Image-caption web data
───
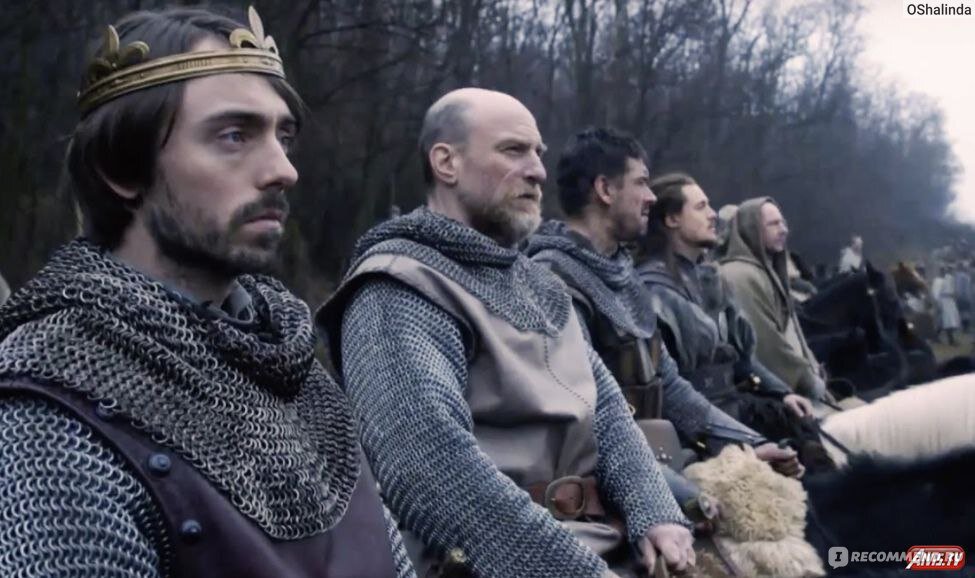 фото взято из открытого источника Яндекс картинки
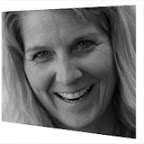 Ellynne Skove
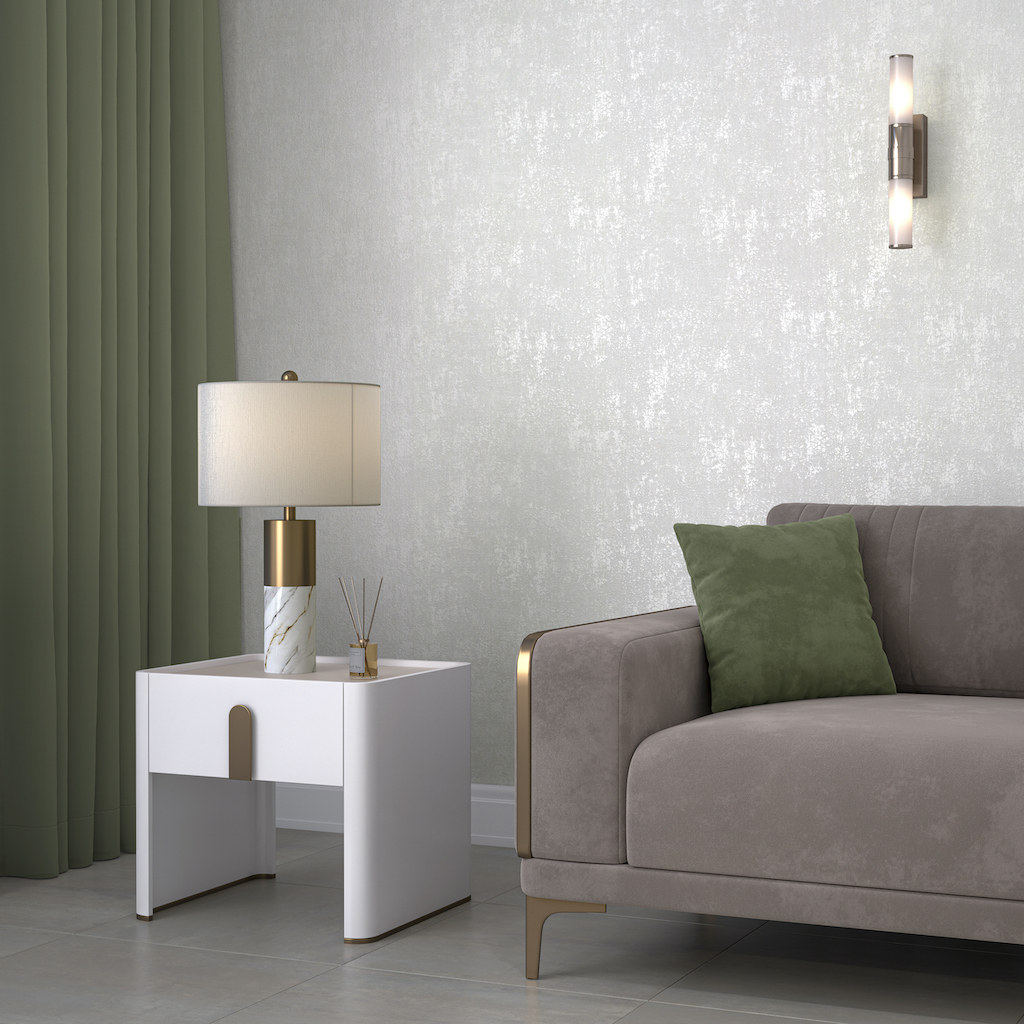 Обои Kerama Marazzi арт KM8109 фото 2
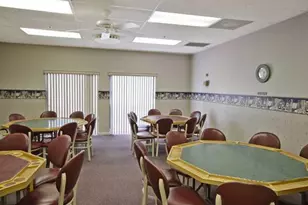 10555 Garden Palm Ct, Boynton Beach, FL 33437 - Photo 52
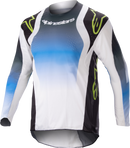 Alpinestars - Youth Racer Jersey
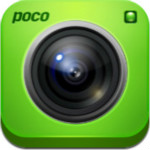 poco相機下載 v3.0.6 電腦版 
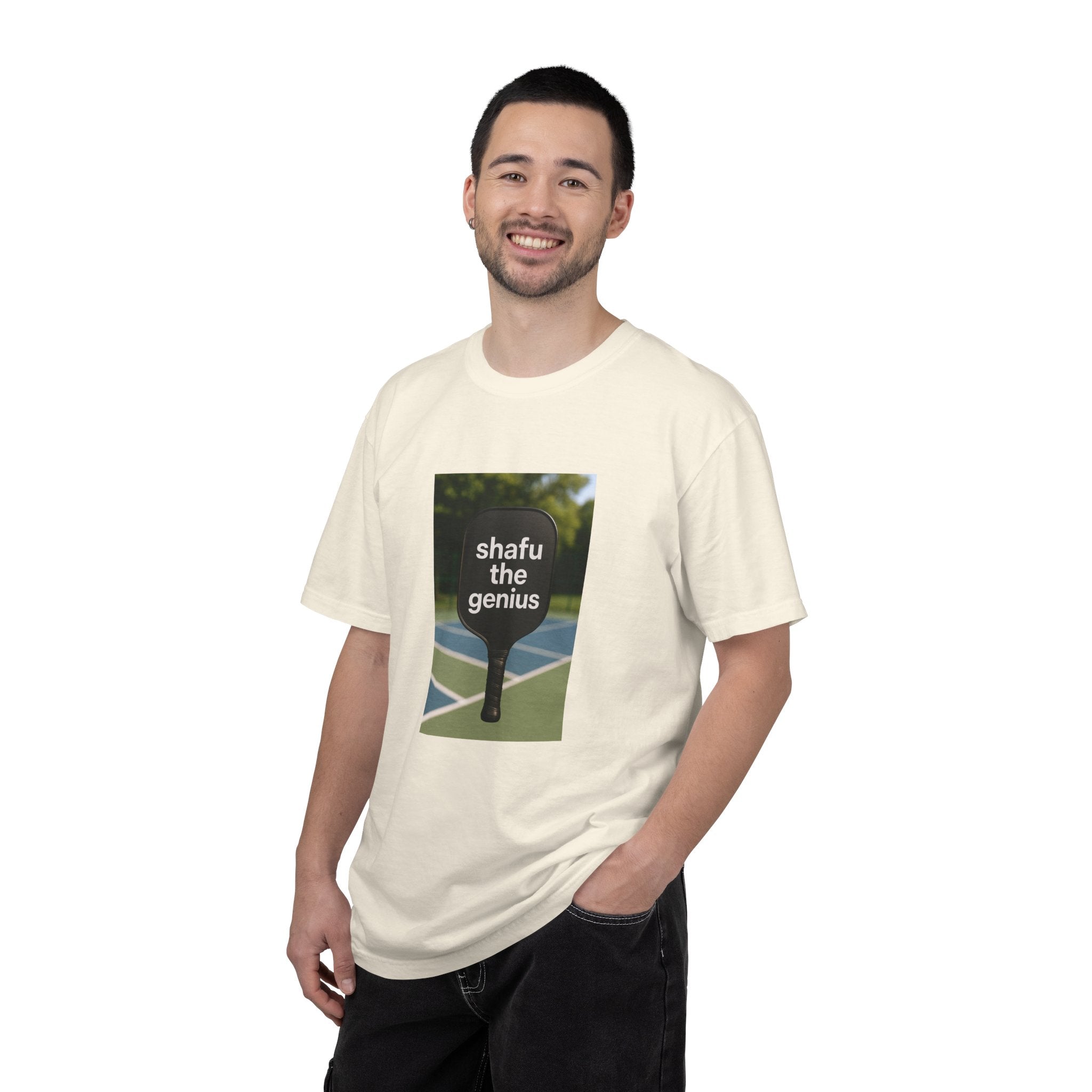 Custom Shirt Design 1772684433170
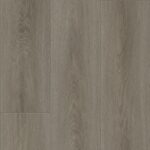 Aqua Glow London Oak Laminate Flooring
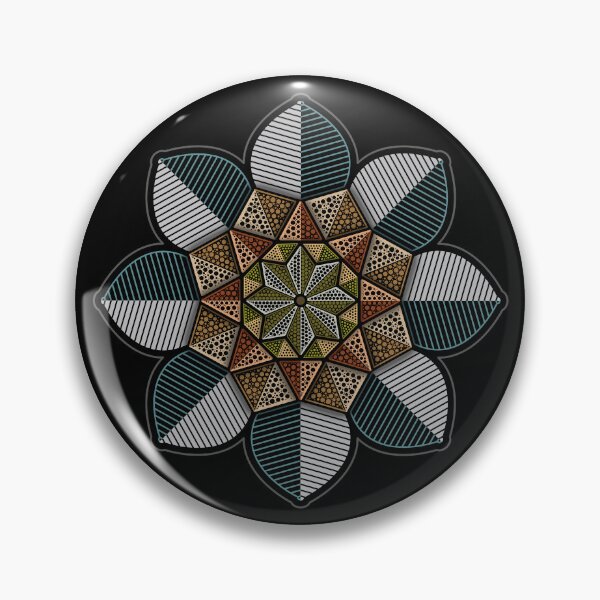 Item preview, Gemini XXY v10 designed and sold by KeithHix.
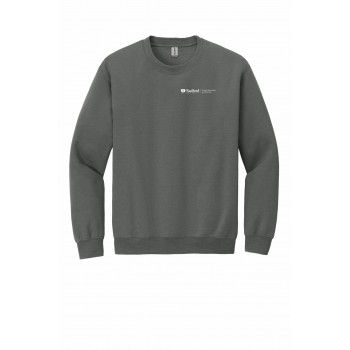 Crewneck Sweatshirt Crewneck Sweatshirt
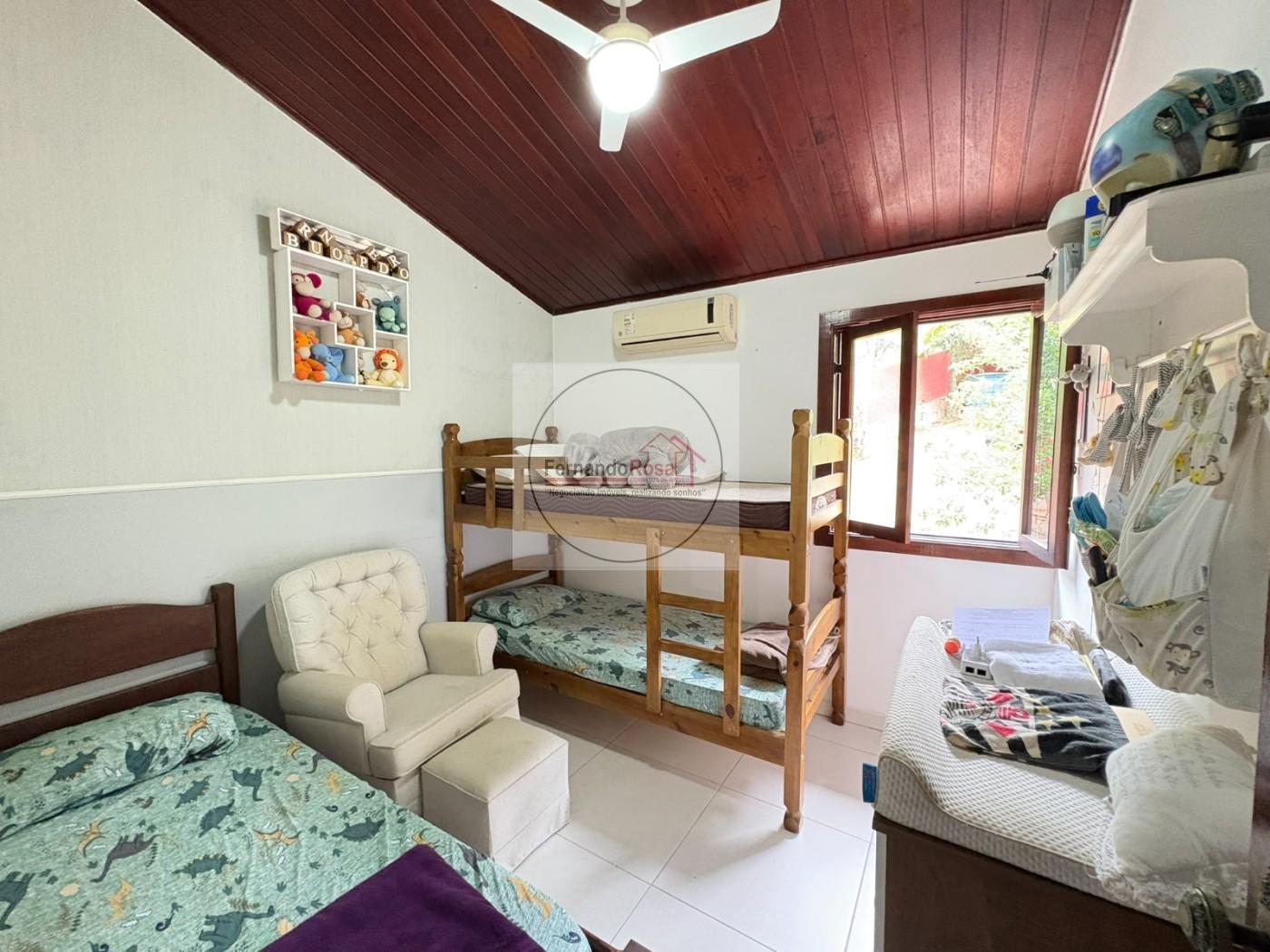 Casa de Condomínio - Foto 18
───
Instructions to follow:
Please give the data above again in exact form and omit every picture.

Your response:
 фото взято из открытого источника Яндекс картинки
 Ellynne Skove
 Обои Kerama Marazzi арт KM8109 фото 2
 10555 Garden Palm Ct, Boynton Beach, FL 33437 - Photo 52
 Alpinestars - Youth Racer Jersey
 poco相機下載 v3.0.6 電腦版 
 Custom Shirt Design 1772684433170
 Aqua Glow London Oak Laminate Flooring
 Item preview, Gemini XXY v10 designed and sold by KeithHix.
 Crewneck Sweatshirt Crewneck Sweatshirt
 Casa de Condomínio - Foto 18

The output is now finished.